We haven't talked about work since and I think he resents the fact that I think his job is scummy and clearly he thinks I am in the wrong here. But am I really? I don't know about all of you but for me being called silly during an argument is one of the most insultingly condescending things you can say especially to your girlfriend and even if I didn't think he job is immoral I would still be really angry at him for that.
centuryblessings said:
ESH. Your BF is a condescending jerk who is working for "the bad guys." You suck for continuing to make him eggs and living comfortably off of the money he makes from being a bad guy. It's hypocritical of you to blow up on him for his job while you're enjoying the benefits of his job.
[deleted] said:
ESH. He sucks for dismissing and belittling you. Definitely a dick move. You suck for snapping at him for his job and telling him he should get a different job over and over again, even knowing he doesn't want to. From your story, you make little mention at what he does that makes him a bad guy, so you constantly bringing this up is a dick move.
Also hard to stand on that high horse when he is directly responsible for that "nice flat" you both live in. All in all, he is a dick for belittling you, but you need to get off his back about getting a new job, especially if you are reaping the benefits of it.
Purplehopflower said:
This is much larger than dinner. You both need to have a serious discussion about your relationship and if you have the same values anymore. You don’t respect him for the job he’s doing. He doesn’t respect you for being a student. No relationship can survive lack of respect.
pepperbeast said:
ESH. Why are you with this guy, exactly? Because it sounds like you are, at best, ethically incompatible.
It seems pretty clear from your responses that I was in the wrong here so I'm going to have to try to make things right again.
To answer some questions some of you have we live in the UK and have been together for three years at this point. We were living together for long before he had this job or before he had any job. He does currently contribute more to the rent because it was his idea to upgrade to a new flat but I still contribute and I'm not just leeching off him.
We've been together for a long time and I really like him and I'm not just sticking with him for the money. Yes I think what he is doing is immoral and as I tried to explain I've tried to bring this up in light ways before we got to this point. I don't want things to go downhill because I really do love him.
To clear things up further: He is a solicitor who completed his LPC last year. This is the UK so I guess we have young lawyers sorry for any confusion this caused.

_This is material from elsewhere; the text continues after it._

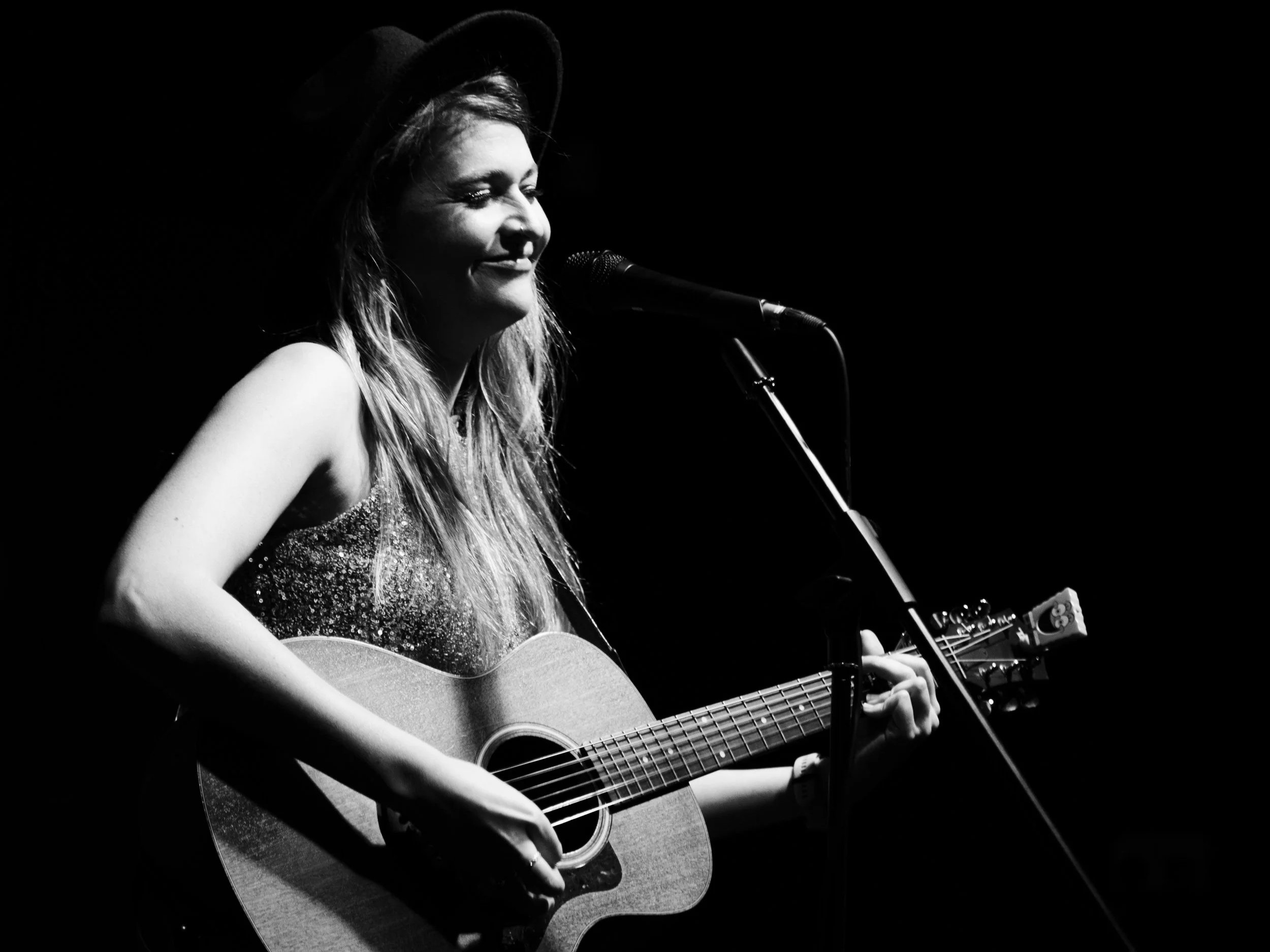 A Night at The Essex Arms: Live Music for Breast Cancer Now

People keep saying that he is defending criminals, unless you believe that landlords are criminals he is not defending anyone. He consults with landlords on how to evict their tenants. The reason I snapped was when he was talking about his interactions with a landlord during the lockdown. Stop saying I don't understand how the law works or that even criminals deserve a defence, that's not a relevant.
I wouldn't have posted on AITA if I didn't think I might be TA. I'm probably going to try and talk to him about this after breakfast.